Formalism, Fictions, and Federalism: Post Expiry Royalties Return to SCOTUS

by Dennis Crouch

I just read Atrium Medical's SCOTUS petition -- asking the court help resolve a circuit split involving the the Brulotte & Kimble doctrines that bars collecting royalties after a patent expires, even if agreed-to by contract.

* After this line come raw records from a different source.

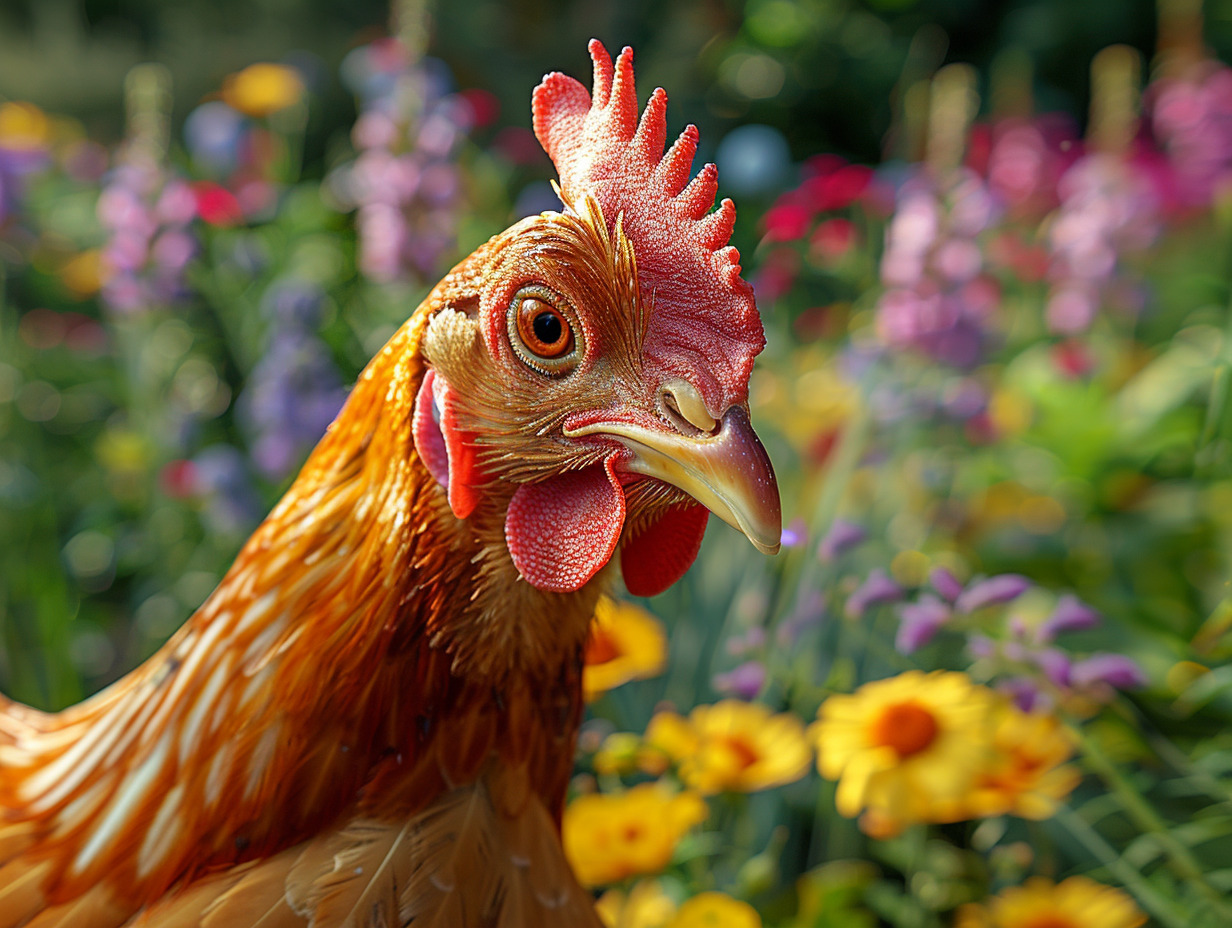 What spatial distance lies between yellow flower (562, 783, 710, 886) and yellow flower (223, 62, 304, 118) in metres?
2.80

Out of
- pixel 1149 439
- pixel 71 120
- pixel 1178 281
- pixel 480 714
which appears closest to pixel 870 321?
pixel 1149 439

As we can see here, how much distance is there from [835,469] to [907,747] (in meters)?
0.99

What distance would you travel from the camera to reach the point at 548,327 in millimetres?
862

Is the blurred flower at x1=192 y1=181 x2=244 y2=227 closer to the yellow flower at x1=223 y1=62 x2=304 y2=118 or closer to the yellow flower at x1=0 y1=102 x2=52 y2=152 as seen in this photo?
the yellow flower at x1=223 y1=62 x2=304 y2=118

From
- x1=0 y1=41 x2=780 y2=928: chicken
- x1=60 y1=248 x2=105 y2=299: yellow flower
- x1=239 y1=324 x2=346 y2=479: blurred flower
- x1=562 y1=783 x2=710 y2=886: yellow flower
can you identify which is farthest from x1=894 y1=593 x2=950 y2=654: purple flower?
x1=60 y1=248 x2=105 y2=299: yellow flower

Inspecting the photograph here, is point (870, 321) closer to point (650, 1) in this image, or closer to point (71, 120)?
Answer: point (650, 1)

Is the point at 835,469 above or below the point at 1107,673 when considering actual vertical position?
above

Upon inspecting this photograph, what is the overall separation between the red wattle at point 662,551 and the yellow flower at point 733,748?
556mm

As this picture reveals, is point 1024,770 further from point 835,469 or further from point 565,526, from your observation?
point 565,526

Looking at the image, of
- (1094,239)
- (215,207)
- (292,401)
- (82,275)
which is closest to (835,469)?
(292,401)

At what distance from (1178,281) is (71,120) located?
668 cm

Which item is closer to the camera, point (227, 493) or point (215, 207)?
point (227, 493)

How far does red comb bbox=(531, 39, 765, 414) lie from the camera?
847 mm

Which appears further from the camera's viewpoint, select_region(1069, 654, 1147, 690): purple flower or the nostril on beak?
select_region(1069, 654, 1147, 690): purple flower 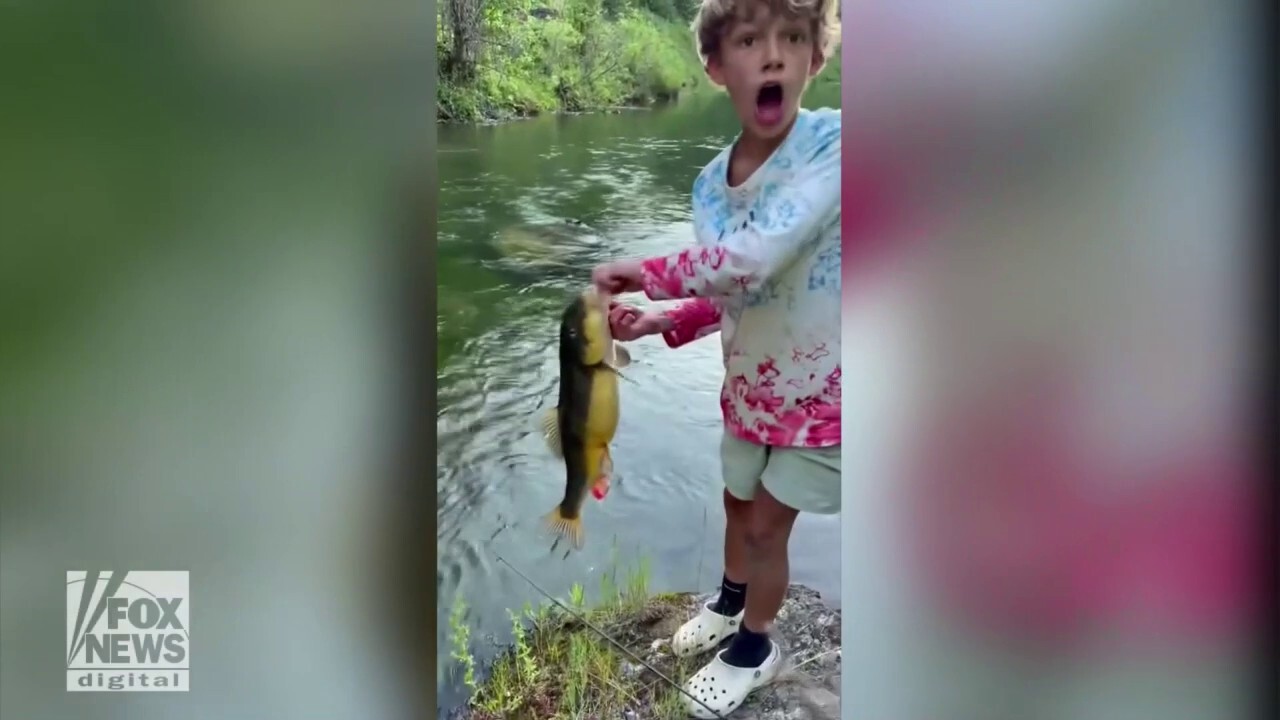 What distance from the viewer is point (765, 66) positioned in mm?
1956

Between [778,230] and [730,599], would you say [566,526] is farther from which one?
[778,230]

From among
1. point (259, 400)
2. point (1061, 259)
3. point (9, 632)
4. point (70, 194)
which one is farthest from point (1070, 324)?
point (9, 632)

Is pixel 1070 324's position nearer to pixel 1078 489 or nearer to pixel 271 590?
pixel 1078 489

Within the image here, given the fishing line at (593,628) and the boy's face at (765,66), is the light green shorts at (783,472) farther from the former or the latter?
the boy's face at (765,66)

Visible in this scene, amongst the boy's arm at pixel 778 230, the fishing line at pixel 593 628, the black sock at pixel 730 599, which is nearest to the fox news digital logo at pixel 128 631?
the fishing line at pixel 593 628

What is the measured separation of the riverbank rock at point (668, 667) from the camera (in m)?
1.98

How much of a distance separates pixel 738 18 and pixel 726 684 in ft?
4.43

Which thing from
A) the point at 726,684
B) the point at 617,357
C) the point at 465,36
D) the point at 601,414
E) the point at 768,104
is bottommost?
the point at 726,684

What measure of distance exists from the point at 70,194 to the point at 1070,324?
2.12 m

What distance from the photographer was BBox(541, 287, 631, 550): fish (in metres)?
1.99

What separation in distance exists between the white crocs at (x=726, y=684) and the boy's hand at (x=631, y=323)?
67 centimetres

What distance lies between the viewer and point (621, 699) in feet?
6.55

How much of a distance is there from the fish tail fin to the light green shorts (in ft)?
1.03

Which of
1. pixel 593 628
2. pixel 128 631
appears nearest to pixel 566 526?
pixel 593 628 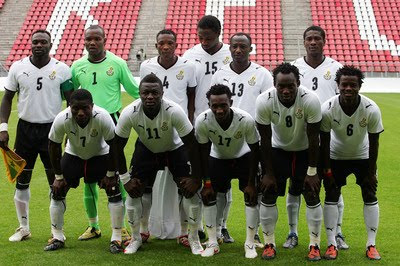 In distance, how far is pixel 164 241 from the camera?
7031 millimetres

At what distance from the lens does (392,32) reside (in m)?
30.0

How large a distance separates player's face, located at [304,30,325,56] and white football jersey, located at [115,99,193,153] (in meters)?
1.45

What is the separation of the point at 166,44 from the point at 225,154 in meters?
1.34

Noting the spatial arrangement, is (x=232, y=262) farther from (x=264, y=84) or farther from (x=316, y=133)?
(x=264, y=84)

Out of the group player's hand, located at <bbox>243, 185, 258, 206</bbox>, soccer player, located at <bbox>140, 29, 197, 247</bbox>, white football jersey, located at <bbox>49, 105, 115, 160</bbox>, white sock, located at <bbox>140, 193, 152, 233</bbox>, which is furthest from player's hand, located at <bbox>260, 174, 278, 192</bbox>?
white football jersey, located at <bbox>49, 105, 115, 160</bbox>

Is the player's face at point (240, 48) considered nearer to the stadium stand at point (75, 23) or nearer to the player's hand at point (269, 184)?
the player's hand at point (269, 184)

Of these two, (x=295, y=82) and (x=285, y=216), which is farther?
(x=285, y=216)

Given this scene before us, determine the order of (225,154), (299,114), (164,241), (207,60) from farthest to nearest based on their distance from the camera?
1. (207,60)
2. (164,241)
3. (225,154)
4. (299,114)

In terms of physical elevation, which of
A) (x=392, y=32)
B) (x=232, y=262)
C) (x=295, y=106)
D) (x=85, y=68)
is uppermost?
(x=392, y=32)

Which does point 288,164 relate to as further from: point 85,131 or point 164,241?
point 85,131

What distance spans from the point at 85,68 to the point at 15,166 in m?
1.23

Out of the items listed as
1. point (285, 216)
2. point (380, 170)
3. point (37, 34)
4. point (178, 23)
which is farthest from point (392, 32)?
point (37, 34)

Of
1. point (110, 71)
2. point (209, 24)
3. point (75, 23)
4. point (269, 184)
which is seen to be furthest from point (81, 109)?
point (75, 23)

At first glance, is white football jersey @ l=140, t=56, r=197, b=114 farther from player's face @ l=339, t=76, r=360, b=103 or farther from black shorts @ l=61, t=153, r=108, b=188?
player's face @ l=339, t=76, r=360, b=103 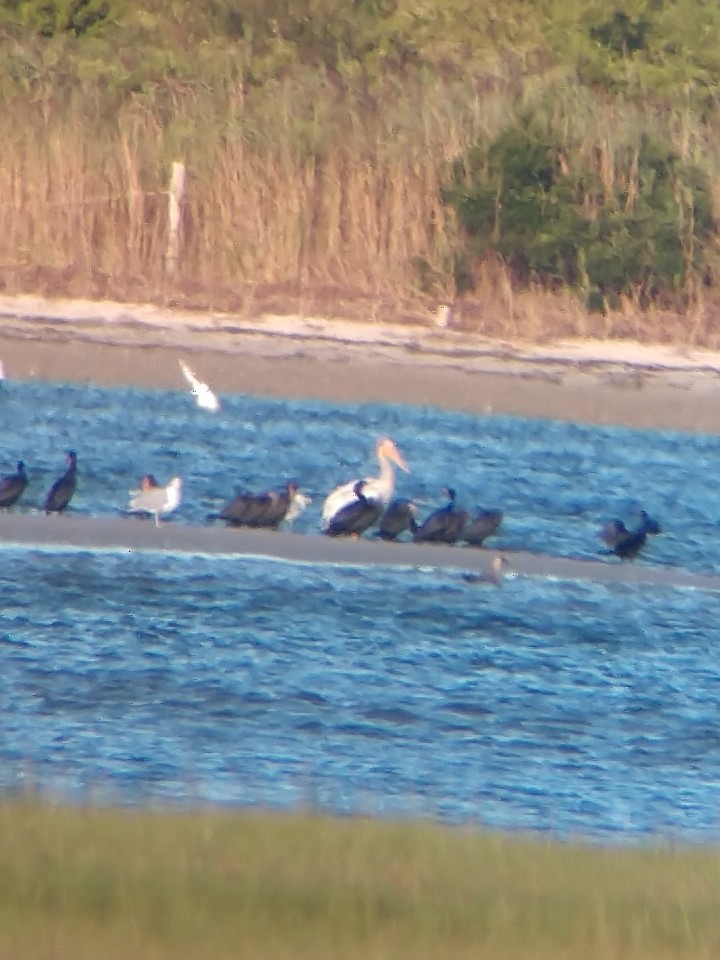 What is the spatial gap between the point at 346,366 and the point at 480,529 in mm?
3424

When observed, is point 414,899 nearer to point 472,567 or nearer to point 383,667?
point 383,667

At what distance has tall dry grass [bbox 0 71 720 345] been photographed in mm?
15617

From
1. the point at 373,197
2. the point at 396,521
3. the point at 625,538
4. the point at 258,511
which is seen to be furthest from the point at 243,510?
the point at 373,197

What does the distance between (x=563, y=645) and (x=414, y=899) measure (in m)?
6.08

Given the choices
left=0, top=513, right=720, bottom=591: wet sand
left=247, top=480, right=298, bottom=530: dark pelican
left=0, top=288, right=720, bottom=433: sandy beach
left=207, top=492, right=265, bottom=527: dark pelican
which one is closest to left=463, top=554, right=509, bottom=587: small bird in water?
left=0, top=513, right=720, bottom=591: wet sand

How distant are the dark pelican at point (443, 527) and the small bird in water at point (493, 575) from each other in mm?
282

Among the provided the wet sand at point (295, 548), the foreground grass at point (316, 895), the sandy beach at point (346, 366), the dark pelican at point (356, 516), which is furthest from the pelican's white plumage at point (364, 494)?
the foreground grass at point (316, 895)

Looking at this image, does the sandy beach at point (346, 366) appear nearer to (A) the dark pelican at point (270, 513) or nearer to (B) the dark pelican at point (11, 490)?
(B) the dark pelican at point (11, 490)

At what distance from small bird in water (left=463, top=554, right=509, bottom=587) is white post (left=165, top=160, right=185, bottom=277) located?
5.43 m

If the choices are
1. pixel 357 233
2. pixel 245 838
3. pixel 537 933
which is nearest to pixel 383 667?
pixel 245 838

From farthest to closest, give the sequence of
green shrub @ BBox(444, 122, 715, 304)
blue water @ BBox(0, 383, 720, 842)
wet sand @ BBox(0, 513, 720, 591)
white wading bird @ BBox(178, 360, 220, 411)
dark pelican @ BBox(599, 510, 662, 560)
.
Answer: green shrub @ BBox(444, 122, 715, 304)
white wading bird @ BBox(178, 360, 220, 411)
dark pelican @ BBox(599, 510, 662, 560)
wet sand @ BBox(0, 513, 720, 591)
blue water @ BBox(0, 383, 720, 842)

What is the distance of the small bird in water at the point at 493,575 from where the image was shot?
→ 11102 millimetres

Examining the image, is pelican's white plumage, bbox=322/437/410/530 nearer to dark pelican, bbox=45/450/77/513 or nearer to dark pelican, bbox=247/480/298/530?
dark pelican, bbox=247/480/298/530

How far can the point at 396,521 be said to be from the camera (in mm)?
11703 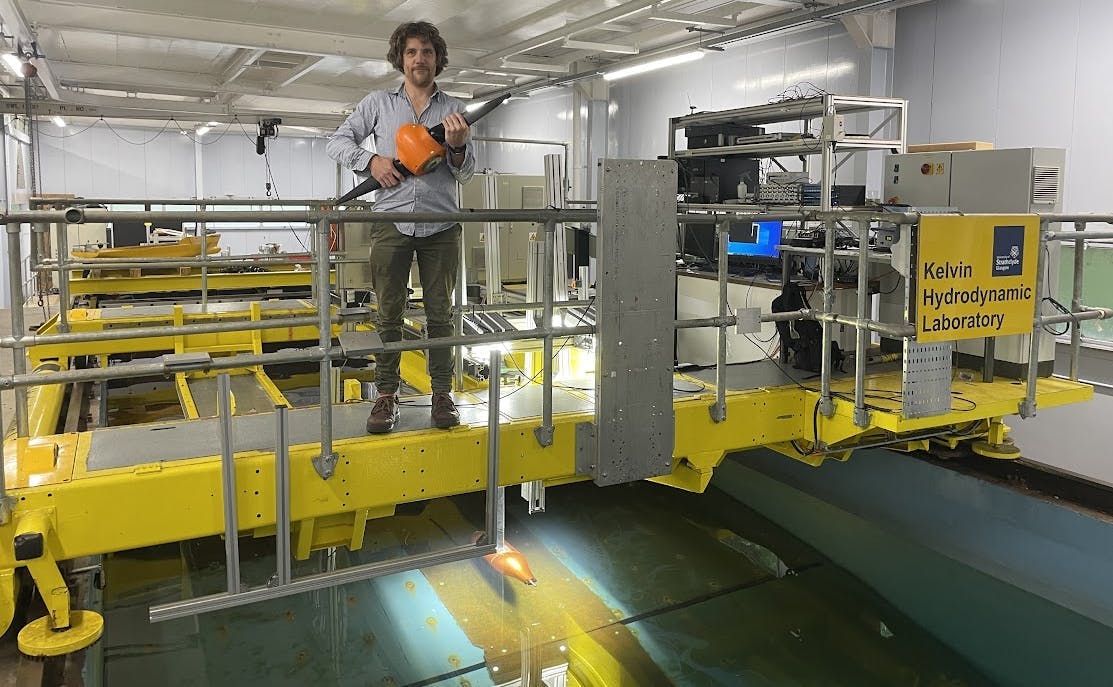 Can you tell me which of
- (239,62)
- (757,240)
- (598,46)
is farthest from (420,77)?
(239,62)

In 1964, the Supreme Court established in Brulotte v. Thys Co. that "a patentee's use of a royalty agreement that projects beyond the expiration date of the patent is unlawful per se." 379 U.S. 29 (1964). The Court reaffirmed this rule in 2015 in Kimble v. Marvel Entertainment, LLC, where it held that "a patent holder cannot charge royalties for the use of his invention after its patent term has expired." 576 U.S. 446 (2015). The Kimble Court explained that this rule should be "simplicity itself to apply." A court "need only ask whether a licensing agreement provides royalties for post-expiration use of a patent. If not, no problem; if so, no dice." Importantly, license agreements can properly extend beyond a patent's expiration date if the post-expiration royalties are payments for something else—such as unexpired patents, trade secrets, or know-how—rather than for the continued use of the expired patent. Despite this straightforward directive, the circuits have split on how to determine what royalties are actually "for."